No crawler in Nginx

Source: Internet
Author: User

Simulation Crawl:

Curl-i- A ' Baiduspider ' hello.net

The resulting effect:

http/1.1 OK
Server:nginx

date:wed, 07:26:48 GM

The above instructions allow crawlers

If it's http/1.1 403 Forbidden

----------------------------------------------------------------------------------------

Method 1,

Writing in the server segment

multiple HTTP User Agent Pipelines |

server {

if ($http _user_agent ~* "qihoobot| baiduspider| Googlebot ")

{
return 403;

}

}

Refuse to httpuseragent in wget way, add the following content
# # Block HTTP User Agent-wget # #
if ($http _user_agent ~* (Wget)) {
return 403;
}
# # Block software Download user Agents # #
if ($http _user_agent ~* lwp::simple| Bbbike|wget) {
return 403;
}

Method 2

Use the robots.txt file: for example, to prevent crawling of all crawlers, but this effect is not very obvious

User-agent: *
Disallow:/

Method 3. Separate separation

Enter the Conf directory under the Nginx installation directory and save the following code as agent_deny.conf
Cd/usr/local/nginx/conf
Vim agent_deny.conf


#禁止Scrapy等工具的抓取
if ($http _user_agent ~* (scrapy| curl| HttpClient)) {
return 403;
}


#禁止指定UA及UA为空的访问
if ($http _user_agent ~ "feeddemon| jikespider|^$ ") {
return 403;
}


#禁止非GET | head| Post-mode fetching
if ($request _method!~ ^ (get| head| POST) ($) {
return 403;
}
Then, insert the following code after location/{in the site-related configuration:
Include agent_deny.conf;


The last recommendation is to use method one

No crawler in Nginx

Contact Us

The content source of this page is from Internet, which doesn't represent Alibaba Cloud's opinion; products and services mentioned on that page don't have any relationship with Alibaba Cloud. If the content of the page makes you feel confusing, please write us an email, we will handle the problem within 5 days after receiving your email.

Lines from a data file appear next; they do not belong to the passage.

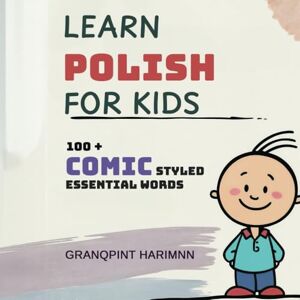 Harimnn, Granqpint Learn Polish for Kids Comic Styled Bilingual Polish English Picture Dictionary: Teach Your Kids Essential Polish Words for Everyday Use Harimnn, Granqpint Learn Polish for Kids Comic Styled Bilingual Polish English Picture Dictionary: Teach Your Kids Essential Polish Words for Everyday Use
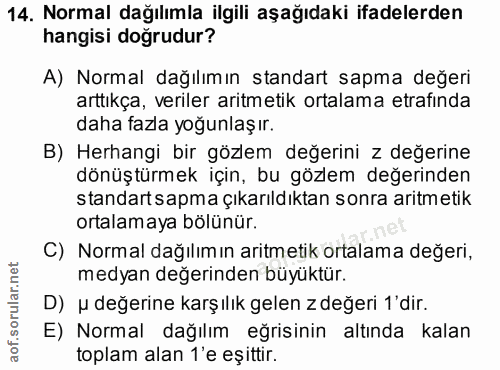 14. soru: Normal dağılımla ilgili aşağıdaki ifadelerden hangisi doğrudur? A) Normal dağılımın standart sapma değeri arttıkça, v…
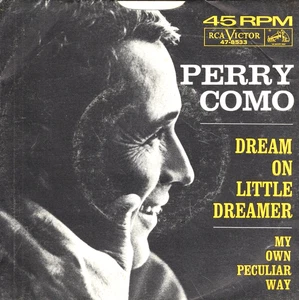 PERRY COMO: DREAM ON LITTLE DREAMER / MY OWN PECULIAR WAY .. 45 RPM 8219 - Picture 1 of 4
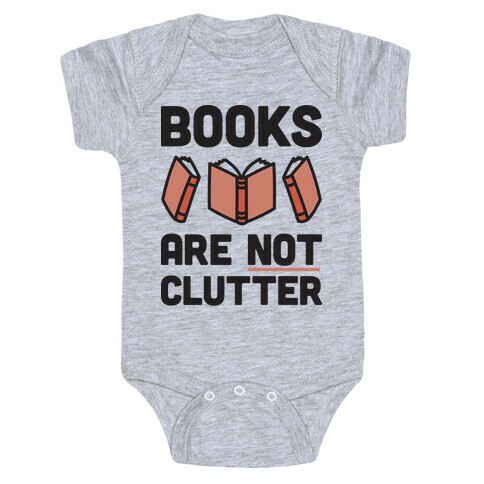 Books Are Not Clutter Baby One-Piece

If you find any instances of plagiarism from the community, please send an email to: info-contact@alibabacloud.com and provide relevant evidence. A staff member will contact you within 5 working days.

A Free Trial That Lets You Build Big!

Start building with 50+ products and up to 12 months usage for Elastic Compute Service

  • Sales Support

    1 on 1 presale consultation

  • After-Sales Support

    24/7 Technical Support 6 Free Tickets per Quarter Faster Response

  • Alibaba Cloud offers highly flexible support services tailored to meet your exact needs.